By continually providing Chinese authorities with requested information, Yahoo!, Inc.’s involvement in China has led to the imprisonment of several Chinese democratic reform supporters over the years. Wang Xiaoning, a citizen and resident of China, experienced this state of affairs first hand when the Chinese government sentenced him to ten years in prison and two additional years of removed political rights after he had published and circulated articles online supporting democratic reform in China and conversed with a “hostile” overseas organization. Xiaoning’s case against Yahoo!, Inc. made national headlines and the following Note, featured in the Vanderbilt Journal of Entertainment and Technology Law’s Fall 2008 issue (Vol. 11 No. 1) addresses the implications of this important decision. The abstract of the Note follows.

U.S.-based Internet Service Providers (ISPs) are faced with a dilemma when operating in countries with restrictive Internet speech laws: should they comply with these governments’ demands for personally identifying information of Internet dissidents or respect their own country’s dedication to free speech and refuse to comply? On behalf of Chinese dissidents who were imprisoned for violating Chinese speech laws, human rights advocates have invoked the Alien Tort Statute (ATS) in an attempt to hold ISPs accountable for their acquiescence with the Chinese government’s demands. This Note examines one such case, Xioning v. Yahoo! Inc., and ultimately concludes that, while the issues presented in the suit are important, the ATS is not the proper vehicle through which to address them.

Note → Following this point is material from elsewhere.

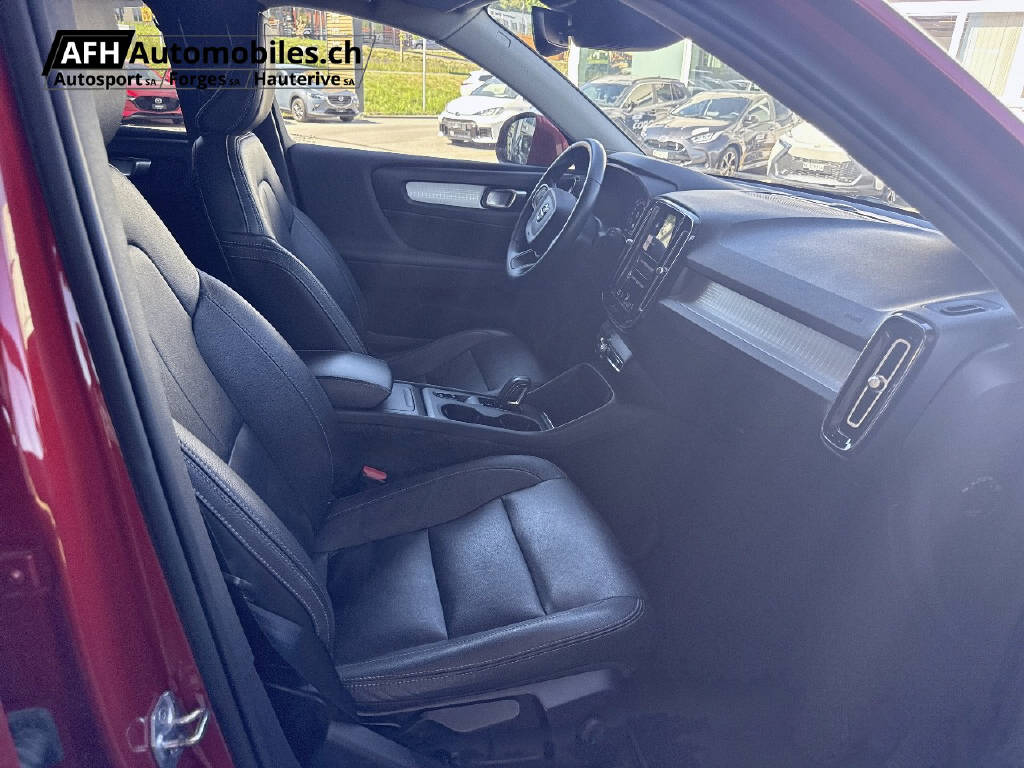 VOLVO XC40 1.5 T2 XCITE-image-12
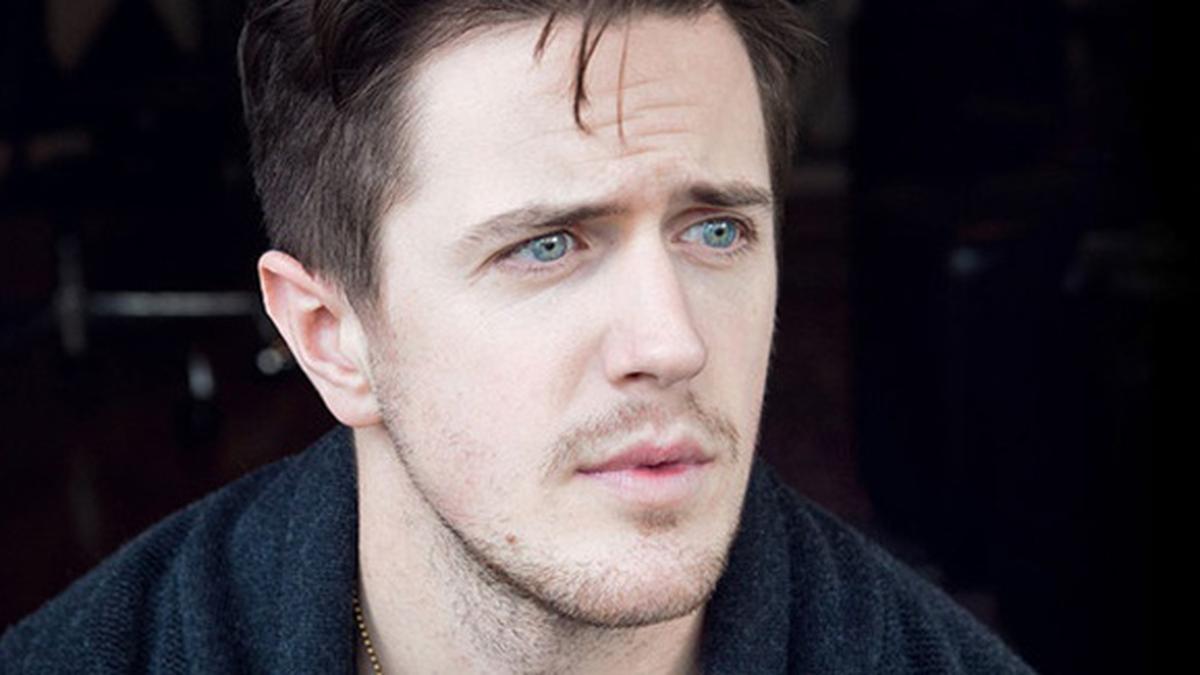 Pierce Brown Pria Ini DisebutSebut Sebagai Penulis Paling Tampan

The ATS, adopted in 1789, gives U.S. district courts original jurisdiction over civil actions by aliens for torts committed in violation of the law of nations or a treaty of the United States. In the Supreme Court’s latest holding on the ATS, Sosa v. Alvarez, the Court set a high bar regarding what constitutes a violation of the law of nations, demanding specificity and acceptance by the civilized world. Moreover, the Court encouraged judicial restraint in recognizing new international violations due to the potential implications for the foreign relations of the United States, a lack of clear legislative guidelines, and other considerations. After Sosa, it is uncertain whether China’s free speech restrictions and prolonged imprisonment would constitute violations of international norms with the degree of consensus required by the Sosa court, but the lack of certainty, along with the Court’s emphasis on judicial restraint, would weigh in favor of courts not recognizing such a cause of action. Additionally, it is uncertain whether there is aiding and abetting liability under the ATS, and even if there is, whether complying ISPs would be liable under modern aiding and abetting standards.

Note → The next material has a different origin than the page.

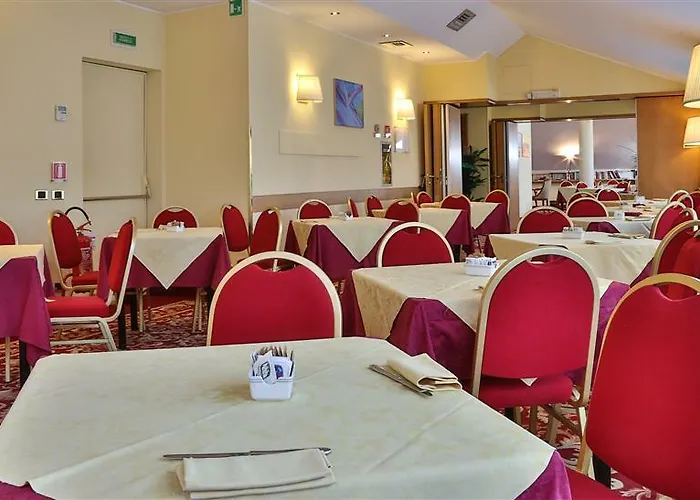 Hotel Mirage Sure Collection By Western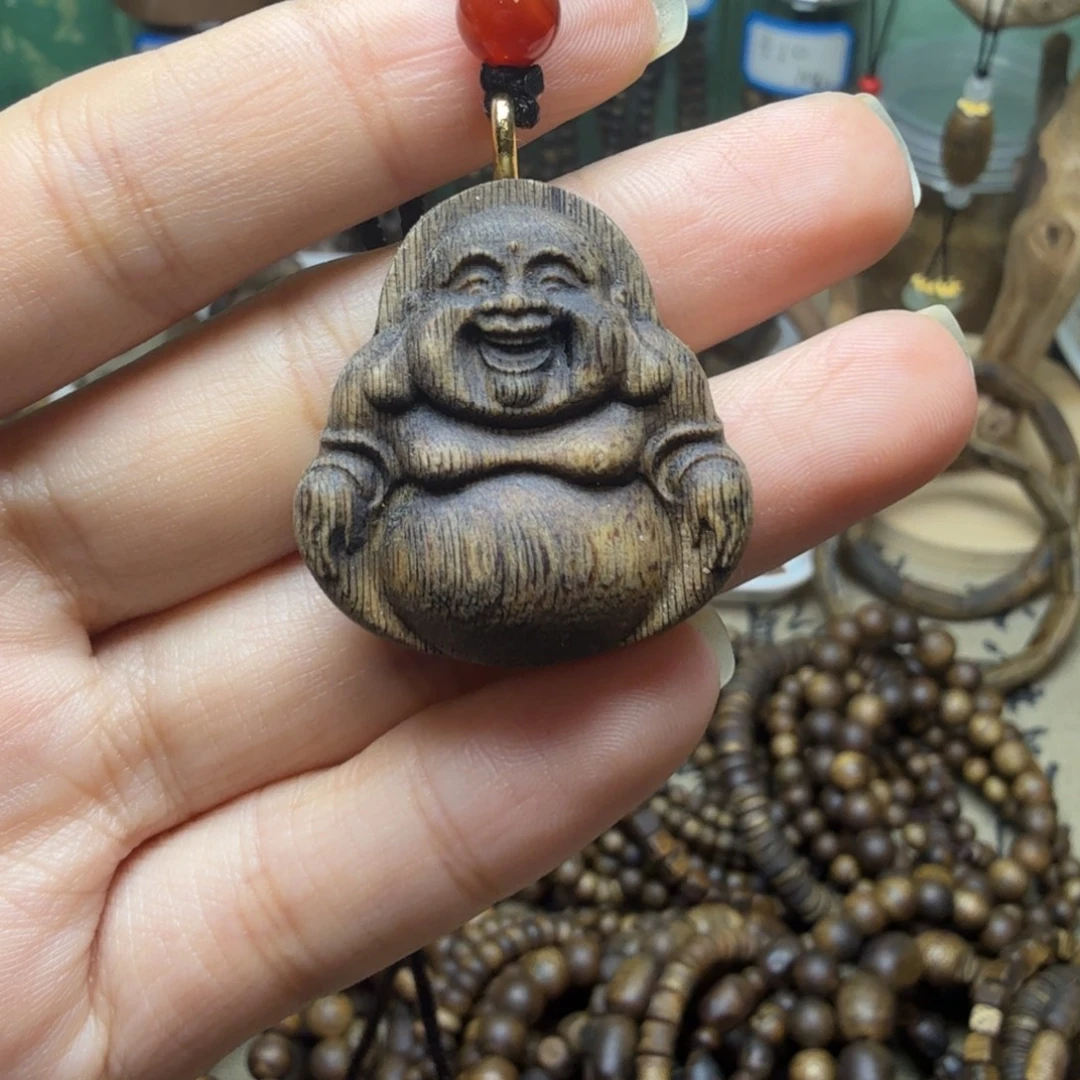 沉香碎屑沉香佛雕刻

Ultimately, courts should not become clogged with litigation regarding the application of an inapplicable statute. Rather, Congress should model its response after legislation that successfully addresses the issue, such as aspects of the Global Online Freedom Act, and the Global Compact, and collaborate with other countries and organizations to adequately address the problems presented in suits like Xiaoning’s that are likely to arise in the future.